THE DATA START
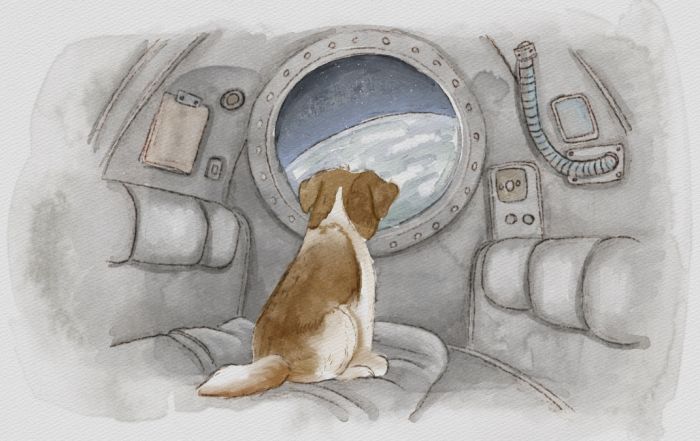 Charlie Harris single Laika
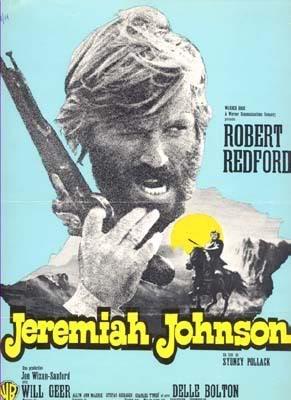 Abrasivo Artificial Secreto Las aventuras de Jeremiah Johnson (1972) - Filmaffinity
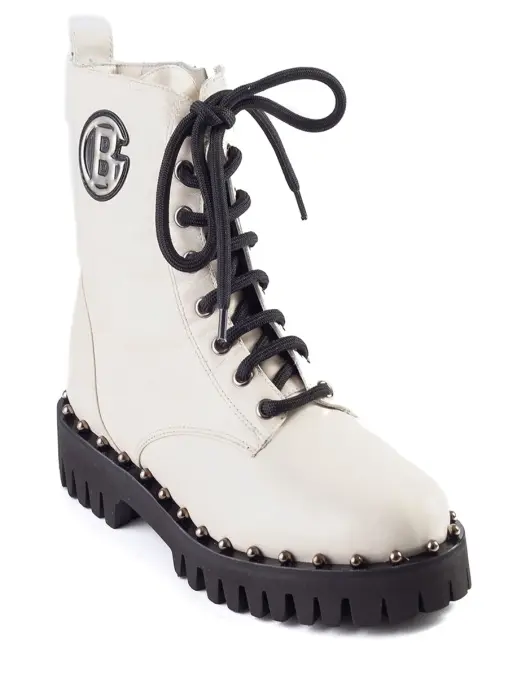 Ботинки кожаные BALDININI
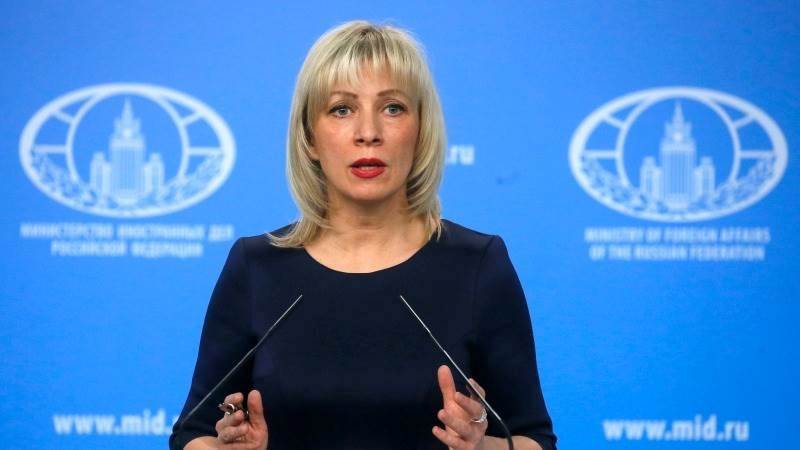 Zakharova: West ‘incited’ media to boycott Russia at G20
THE DATA END
◆ **TASK TO COMPLETE**: Only the pictures stay out; everything else in the listing above must be repeated exactly.

◆ **RESPONSE**:
 Charlie Harris single Laika
 Abrasivo Artificial Secreto Las aventuras de Jeremiah Johnson (1972) - Filmaffinity
 Ботинки кожаные BALDININI
 Zakharova: West ‘incited’ media to boycott Russia at G20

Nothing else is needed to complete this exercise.